§ **Activity**:
Below are records; copy exactly the line containing "This is a blush" and every line after it, through the last.

+++ Task input +++

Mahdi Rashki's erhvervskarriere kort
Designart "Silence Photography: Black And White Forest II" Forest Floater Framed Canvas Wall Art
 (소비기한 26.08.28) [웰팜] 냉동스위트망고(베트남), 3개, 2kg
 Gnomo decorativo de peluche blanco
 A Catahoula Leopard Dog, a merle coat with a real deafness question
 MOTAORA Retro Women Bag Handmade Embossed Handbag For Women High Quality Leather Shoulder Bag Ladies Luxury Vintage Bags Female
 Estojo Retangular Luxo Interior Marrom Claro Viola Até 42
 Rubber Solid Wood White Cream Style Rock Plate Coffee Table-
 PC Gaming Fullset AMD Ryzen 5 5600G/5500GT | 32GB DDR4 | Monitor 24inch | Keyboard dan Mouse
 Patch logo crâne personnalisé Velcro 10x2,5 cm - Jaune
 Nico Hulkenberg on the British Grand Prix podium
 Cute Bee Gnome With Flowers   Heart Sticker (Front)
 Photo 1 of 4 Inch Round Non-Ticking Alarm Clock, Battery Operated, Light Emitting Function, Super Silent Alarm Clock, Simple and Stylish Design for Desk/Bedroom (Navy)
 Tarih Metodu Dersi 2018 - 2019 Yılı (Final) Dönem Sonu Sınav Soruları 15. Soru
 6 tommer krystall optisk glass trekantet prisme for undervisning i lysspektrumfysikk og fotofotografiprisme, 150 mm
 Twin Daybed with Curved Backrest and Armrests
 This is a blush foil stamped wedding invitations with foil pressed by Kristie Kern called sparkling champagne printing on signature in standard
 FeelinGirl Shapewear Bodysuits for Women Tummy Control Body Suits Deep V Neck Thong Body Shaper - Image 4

+++

§ **Solution for this exercise**:
 This is a blush foil stamped wedding invitations with foil pressed by Kristie Kern called sparkling champagne printing on signature in standard
 FeelinGirl Shapewear Bodysuits for Women Tummy Control Body Suits Deep V Neck Thong Body Shaper - Image 4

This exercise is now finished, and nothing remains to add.